Damit kommt es auf die Frage, ob ein Leistungsausschluss für Kinderwunschbehandlungen darüber hinaus, unabhängig von den tariflichen Bestimmungen, auch aus einem individuell von den Parteien ausgehandelten Leistungsausschluss zu folgern ist, wovon das Landgericht mit Blick auf die Vereinbarung vom 12. Dezember 2007 ausgegangen ist, nicht mehr entscheidungserheblich an.
Auf einen Schadensersatzanspruch wegen eines Beratungsverschuldens der Beklagten kann sich der Kläger ebenfalls nicht erfolgreich berufen.

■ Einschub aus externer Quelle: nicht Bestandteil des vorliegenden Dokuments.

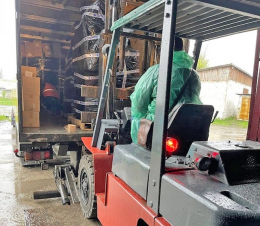 Кураховская больница получила 6 тонн медицинского оборудования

Dabei mag dahinstehen, ob auf Seiten des Klägers wegen des eingeschränkten Leistungsumfanges überhaupt konkreter Beratungsbedarf bezogen auf die nicht umfassten Kosten einer Kinderwunschbehandlung bestand. Denn der Abschluss der gegenständlichen Versicherung ist - was von den Parteien auf Befragen im mündlichen Termin übereinstimmend klargestellt worden ist - von einem Makler vermittelt worden. Danach hätte eine Beratungspflicht allein den, im rechtlichen Lager des Klägers stehenden Makler treffen können, wohingegen die Beklagte als Versicherer von einer ausreichenden Beratung durch den Makler ausgehen durfte und deshalb keine eigene Beratung schuldete.
III.
Die Kostenentscheidung folgt aus § 97 Abs. 1 ZPO. Der Ausspruch zur vorläufigen Vollstreckbarkeit dieses und des angefochtenen Urteils beruht auf den §§ 708 Nr. 10, 713 ZPO in Verb. mit § 26 Nr.8 EGZPO.
Die Revision lässt der Senat nicht zu. Die Sache wirft keine entscheidungserheblichen Rechtsfragen grundsätzlicher Bedeutung auf noch verlangen die Fortbildung des Rechts oder die Wahrung der Einheitlichkeit der Rechtsprechung eine Entscheidung des Revisionsgerichts.